++++ RECORDS PROVIDED ++++
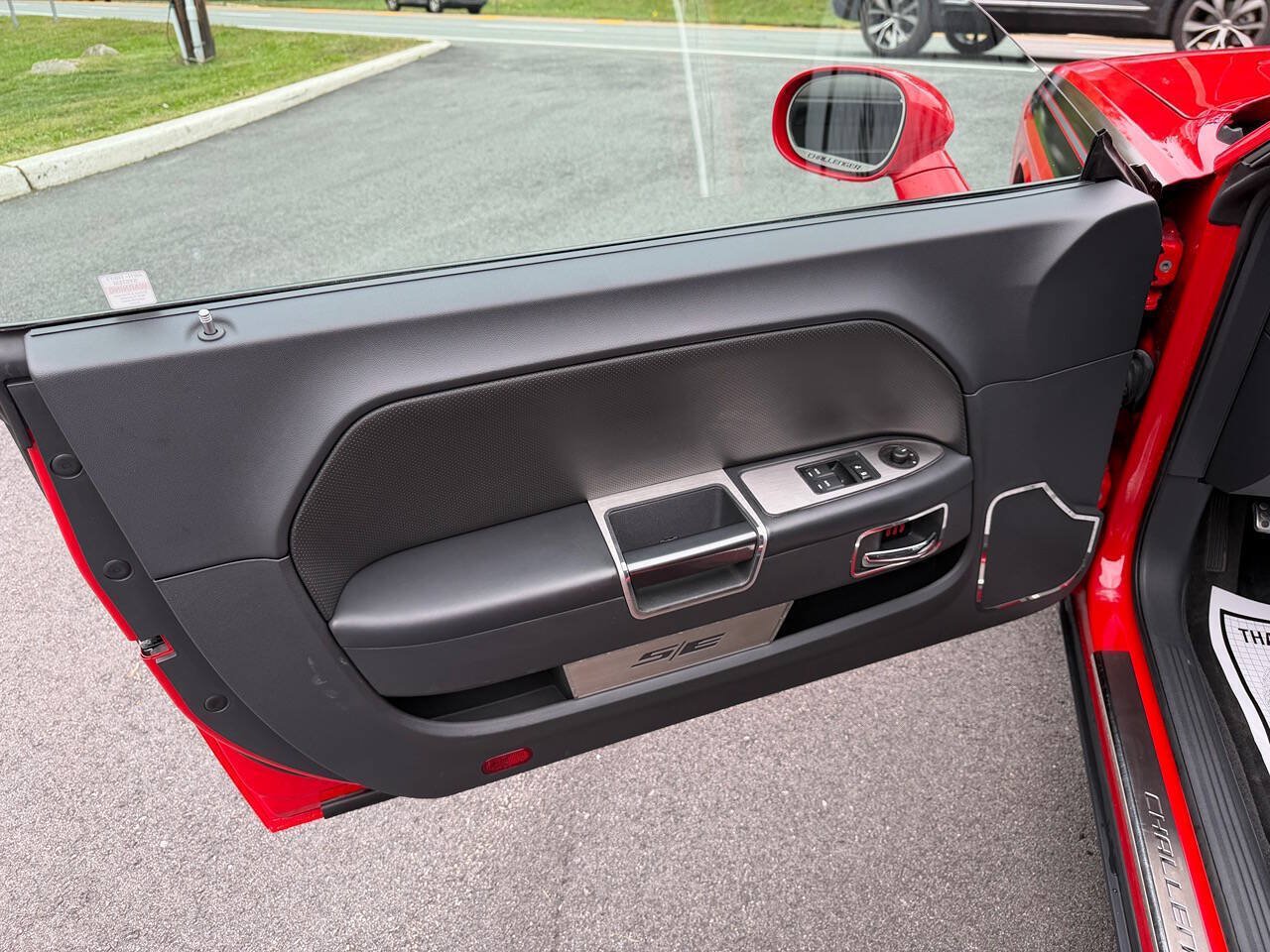 Used 2010 Dodge Challenger SE RWD image 10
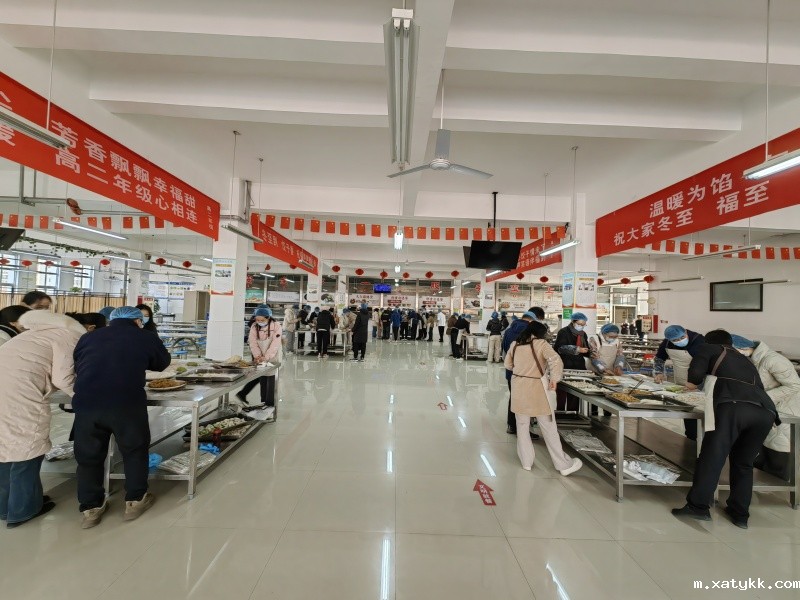 1734689867219031.jpg 2、热火朝天包饺子.jpg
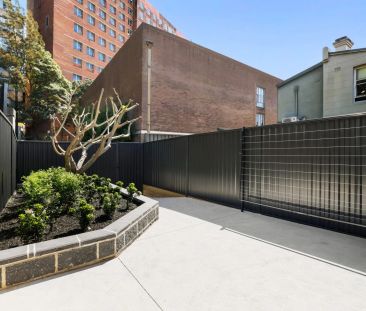 A sophisticated newly renovated terrace home located in a prime cit... - Photo 5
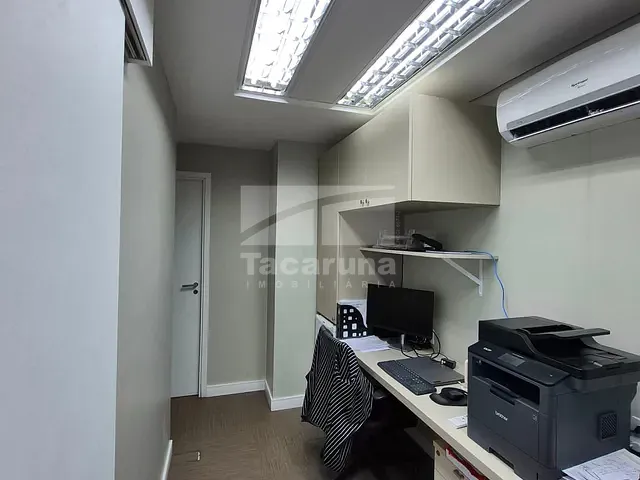 Sala para alugar, no bairro Casa Forte em Recife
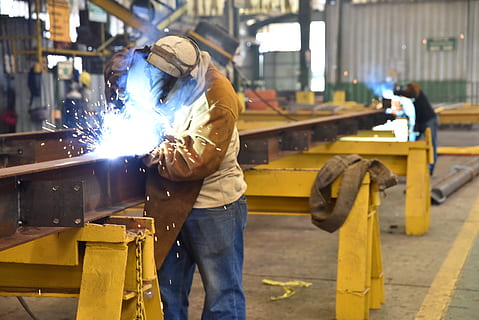 labora, sudor, muncă, instrument, mănuși, masca, macat, metal, metalurgie, fier, lucru, industrie, costume de lucru de protecție, ocupaţie, protecţie, oameni adevărați, industria metalurgică, trei sferturi de lungime, bărbați, scântei, mişcare, o persoana, temperatura - temperatură, Siguranță, fabrică, fumul - structura fizică, iluminat, sudare, 5K, CC0, domeniu public, fără drepturi de autor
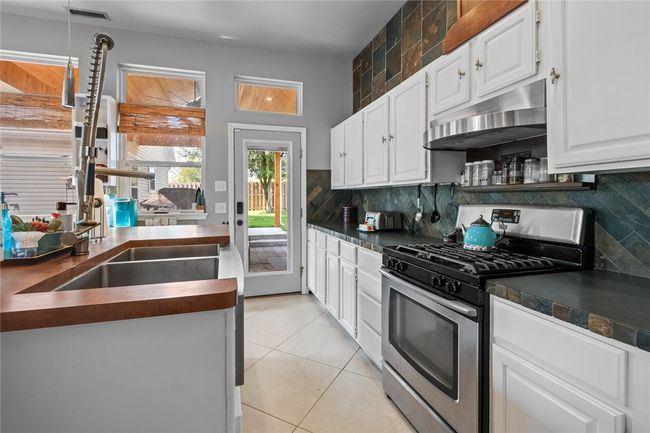 Tons of storage | Image 6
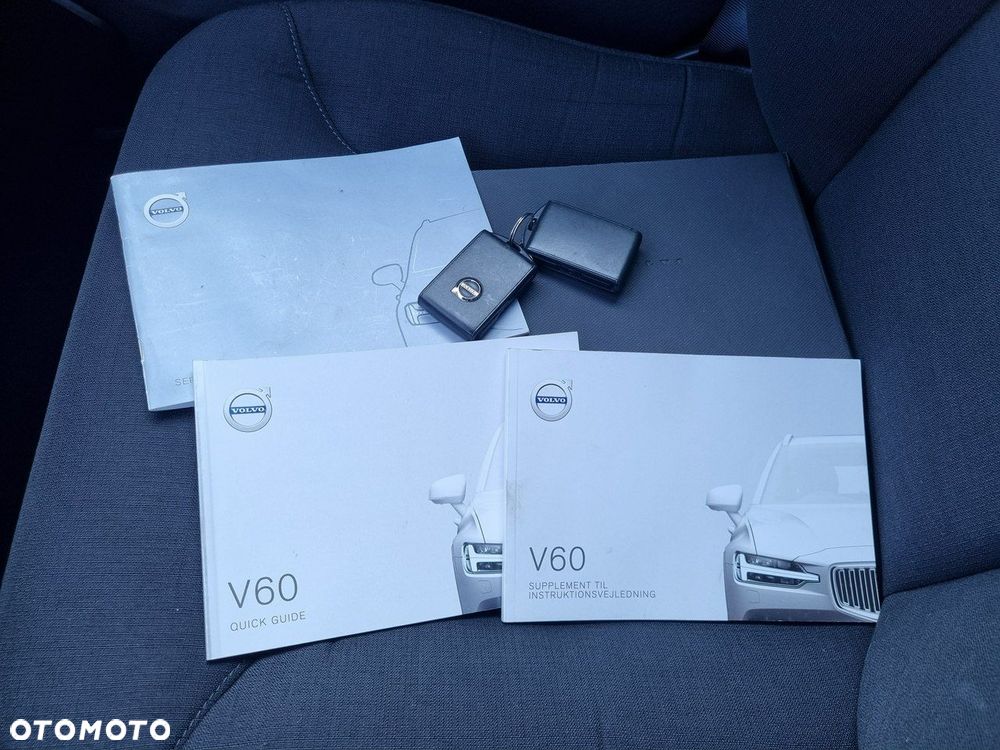 Volvo V60 D4 Momentum - 24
++++
Keeping the pictures out, output the records from above exactly and completely.

 Used 2010 Dodge Challenger SE RWD image 10
 1734689867219031.jpg 2、热火朝天包饺子.jpg
 A sophisticated newly renovated terrace home located in a prime cit... - Photo 5
 Sala para alugar, no bairro Casa Forte em Recife
 labora, sudor, muncă, instrument, mănuși, masca, macat, metal, metalurgie, fier, lucru, industrie, costume de lucru de protecție, ocupaţie, protecţie, oameni adevărați, industria metalurgică, trei sferturi de lungime, bărbați, scântei, mişcare, o persoana, temperatura - temperatură, Siguranță, fabrică, fumul - structura fizică, iluminat, sudare, 5K, CC0, domeniu public, fără drepturi de autor
 Tons of storage | Image 6
 Volvo V60 D4 Momentum - 24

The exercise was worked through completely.